In 2001, the Public Utilities Commission of Nevada reversed a 1997 decision that had effectively ended customer funded energy efficiency. Nevada utilities reestablished their energy efficiency programs, but statewide spending hovered at around $3 million through 2002 and $11 million to $14 million from 2003 to 2005. In 2004, Nevada became the first state to permit utilities to earn a bonus rate of return on DR and EE investments. In simple terms, utility DR and EE investments become regulatory assets that are eligible to earn a return of up to 5 percent more than traditional supply-side investments on the equity portion of the authorized return. With the ability to earn more money by investing in demand-side resources, coupled with the inclusion of energy efficiency in the state's Renewable Portfolio Standard in 2006, Nevada utilities have dramatically increased their spending on DR and EE. Nevada utility spending on DR and EE hit $38 million in 2007, a nearly three-fold increase from the $14 million that was spent in 2005.
In 2007, Duke Energy Carolinas received national attention by proposing a DR and EE rider in North Carolina and South Carolina that was counter to traditional regulatory mechanisms for DR and EE. Duke's proposal was referred to as Save-A-Watt (SAW). Rather than recommending a cost recovery mechanism that is a function of how much the utility spends on DR and EE investments, SAW is a function of the cost of the supply-side resources Duke avoids with successful implementation of DR and EE. Duke's proposal called for the utility to receive "90% of the return of and on the supply-side investment [Duke] would have made to provide the same capacity and energy over the same life as the measures and programs included within the portfolio of energy efficiency programs."
Duke contends that if it did not invest in DR or EE, then a certain amount of additional capacity and energy would be procured, the costs for which would be borne by ratepayers. By asking for 90% of the return that Duke would earn if it had invested in supply-side resource alternatives, Duke points out that there are benefits to customers and the utility. Customers will see lower bills than they otherwise would have faced, and Duke can truly consider "saved watts" the "fifth fuel" in its portfolio. Duke's SAW program has yet to receive regulatory approval in either North Carolina or South Carolina.
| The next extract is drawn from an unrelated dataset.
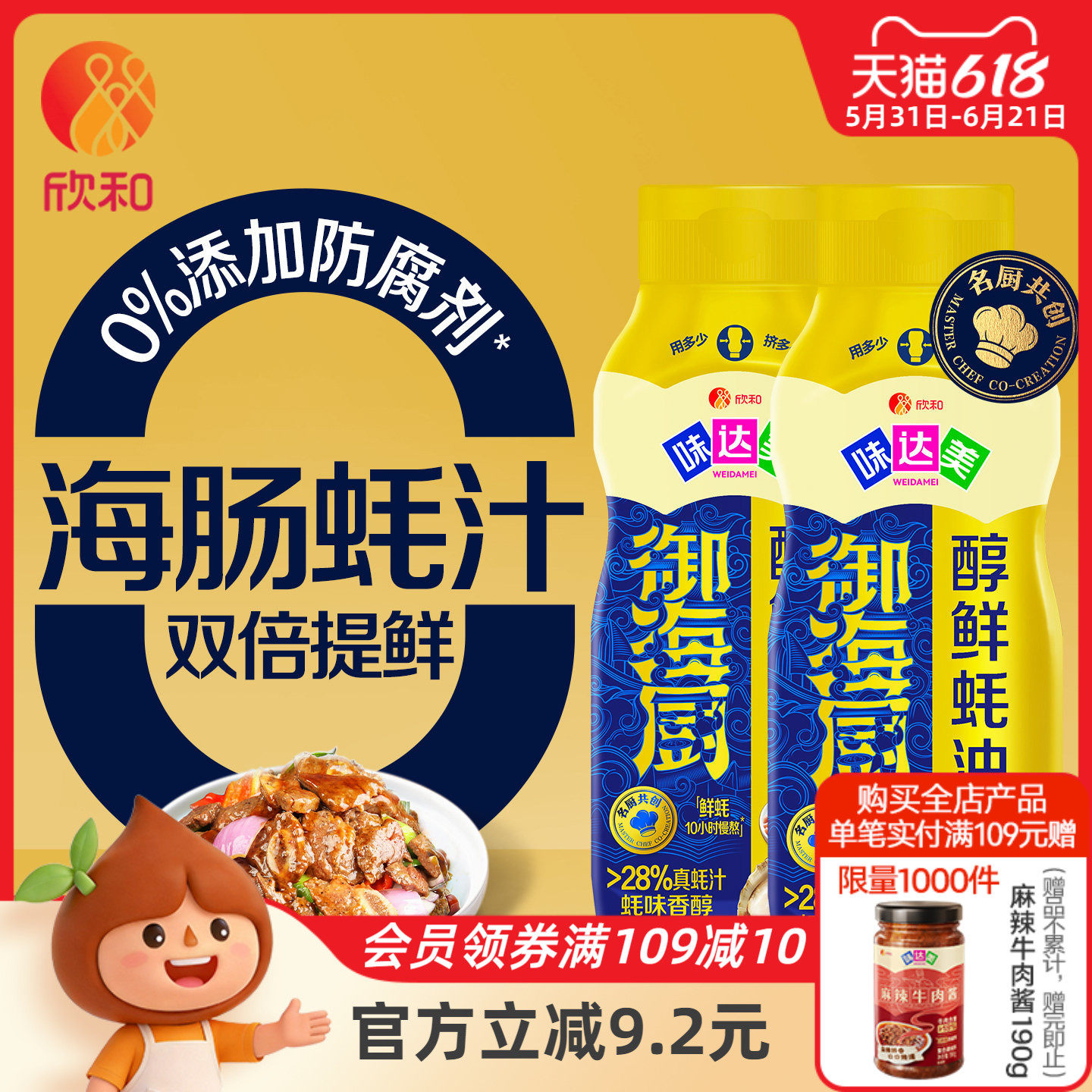 欣和味达美御海厨醇鲜蚝油挤挤装570g*2瓶 家用海肠蚝汁双重提鲜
A challenge for state utility commissions is to adopt policies that a) achieve a least-cost model, b) counterbalance the Averch-Johnson Effect, and c) encourage the right level of investment in DR and EE resources as well as traditional utility infrastructure. State utility commissions have the authority to increase utility-sponsored DR and EE by creating a favorable regulatory environment for utility DR and EE investment so that utilities will pursue an optimally-efficient strategy to meet the needs of their customers. In general, state utility commissions today want the utilities in their jurisdiction to pursue DR and EE programs due to the environmental and economic benefits these programs offer customers. Commissions should therefore ensure that utilities receive regulatory signals consistent with these objectives.
In addition to program cost recovery, state utility commissions should consider a constructive level of utility performance incentive through a mechanism that is appropriate for the utilities in the state. A properly designed performance incentive mechanism can align a utility's corporate objectives with that of ensuring a cost effective level of DR and EE activity for the benefit of its customers.